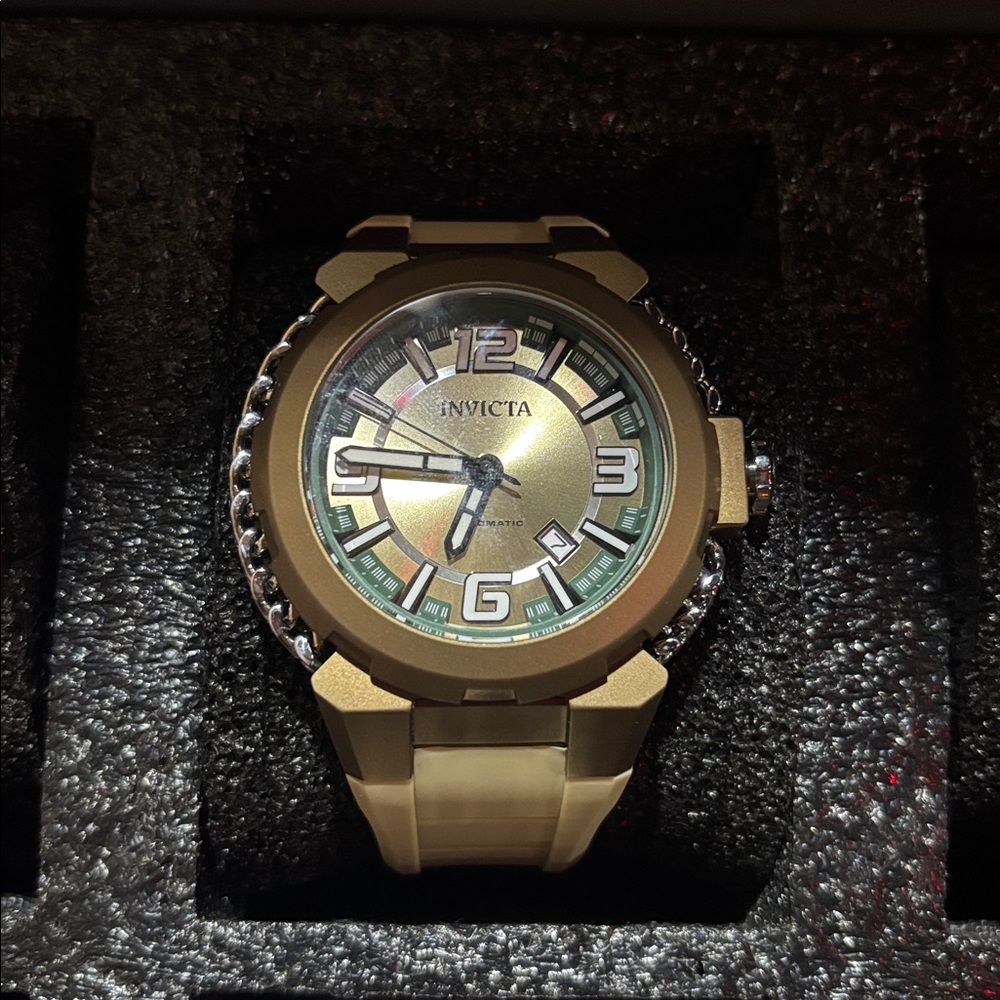 Invicta Bolt Men’s Watch 34555 – 49 mm Stainless Steel, Beige Silicone Strap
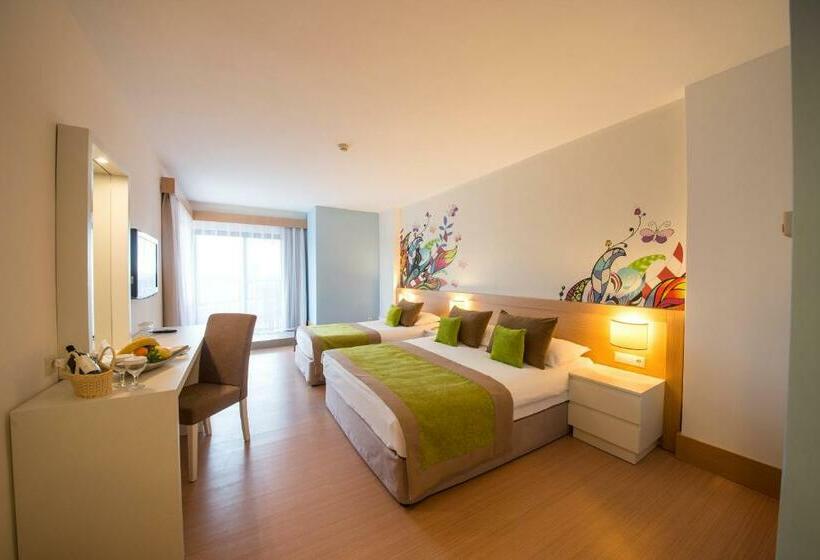 Трехместный Номер Deluxe, Limak Arcadia Sport Resort Belek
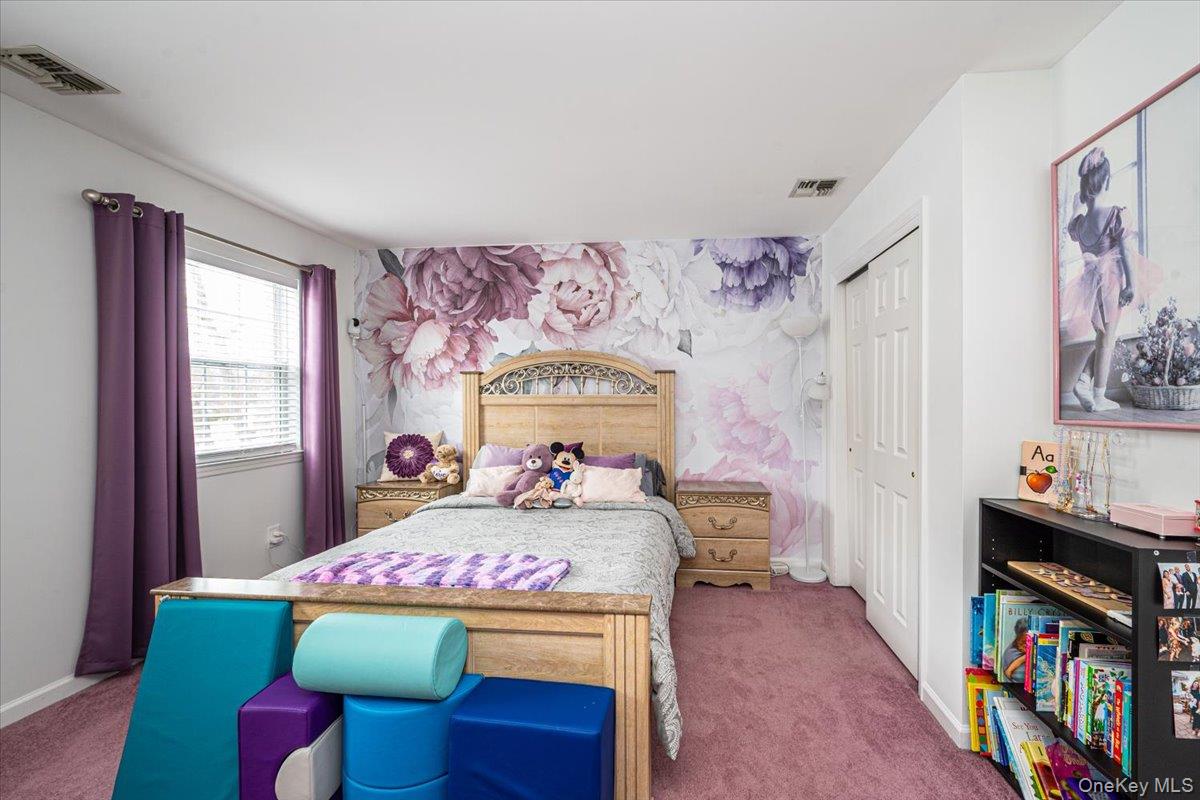 47 Cobblestone Drive, Shoreham, NY 11786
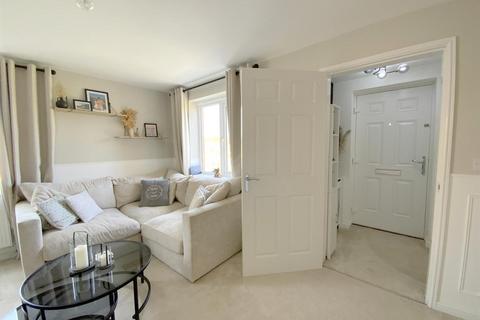 2 bedroom terraced house for sale, Sidings Road, Grimsby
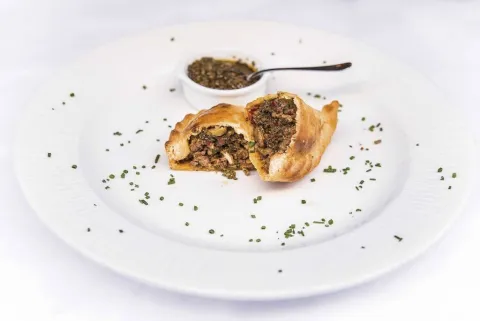 Empanada de carne argentina con chimichurri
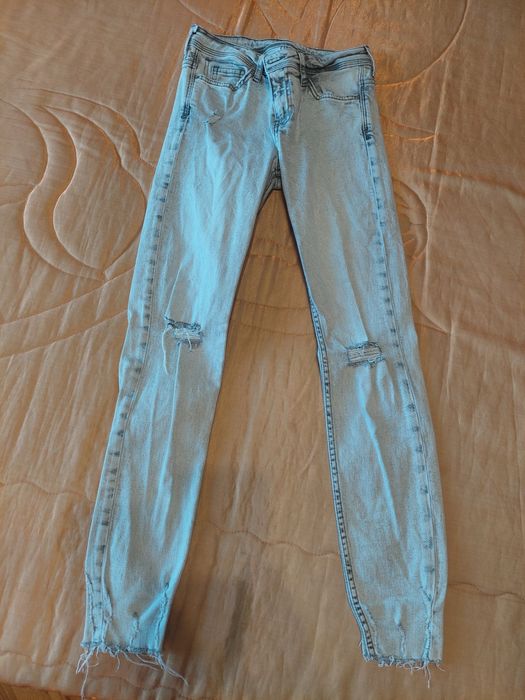 Дамски дънки ,,С,,размер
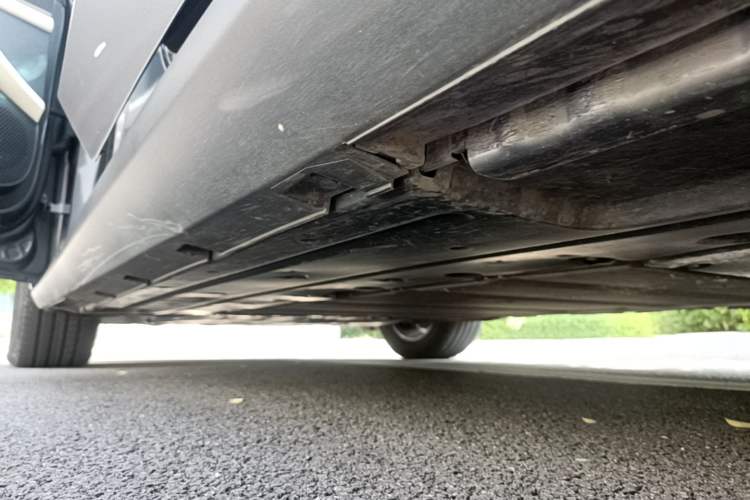 Used BYD Qin L 2024 DM-i 120KM Beyond Model Left Side Sill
▬▬▬▬▬▬
▶ **TASK PROMPT**
Please set down exactly the lines from the one holding "2 bedroom terraced" through the last line of the entries, both ends included, and skip pictures.

▶ **ANSWER TO THE PROBLEM**
 2 bedroom terraced house for sale, Sidings Road, Grimsby
 Empanada de carne argentina con chimichurri
 Дамски дънки ,,С,,размер
 Used BYD Qin L 2024 DM-i 120KM Beyond Model Left Side Sill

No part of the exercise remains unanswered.